The Oregon legislature is considering laws requiring the state’s larger cities to allow commercial-to-residential conversions without mandating zoning changes or conditional use permits. Also under consideration are economic incentives such as waiving certain taxes to bring down construction costs.
But, as in all cases where tax reductions are used as an incentive to achieve a policy objective, the loss of much needed revenue is the result. So, what often transpires is a chipping away at the incentive package or tweaking the regulations to achieve some kind of balance. Rather than making bold moves to solve problems, our public officials seem to prefer the incremental approach.
The housing shortage is so critical, it requires visionary leadership to craft policies and methods that actually have an effect. One solution has been around for many years and practiced in several countries as well as the state of Pennsylvania. That is the land value tax, a differential rate alternative to the conventional equal rate property tax system. (Note: it is not an accurate statement that “commercial buildings are often taxed at a higher rate than primary residences”. In most states a constitutional uniformity clause prohibits classes of land use being taxed at different rates. It is the tax revenue received that is higher.)

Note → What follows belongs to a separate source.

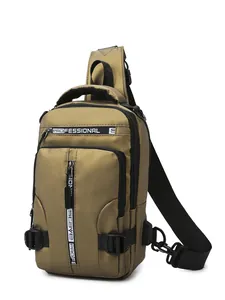 Men's Waterproof PU Nylon Multi-functional Chest Bag Casual Outdoor Sling Bag With USB Charging Port Crossbody Small Backpack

If the reforms that are needed to fix Oregon’s broken property tax system were to include LVT, we can expect significant results. First and foremost, the tax is revenue neutral. Unlike tax relief or exemptions, LVT will not result in any loss of revenue. Just as important are the incentive effects: The tax rate applied uniformly to building values of all properties in a jurisdiction is set lower than the tax rate on land values. This encourages investment in building improvements, reducing the cost of office conversions, and simultaneously discourages land holding, shifting the tax burden onto underutilized sites. It’s time for bold leadership.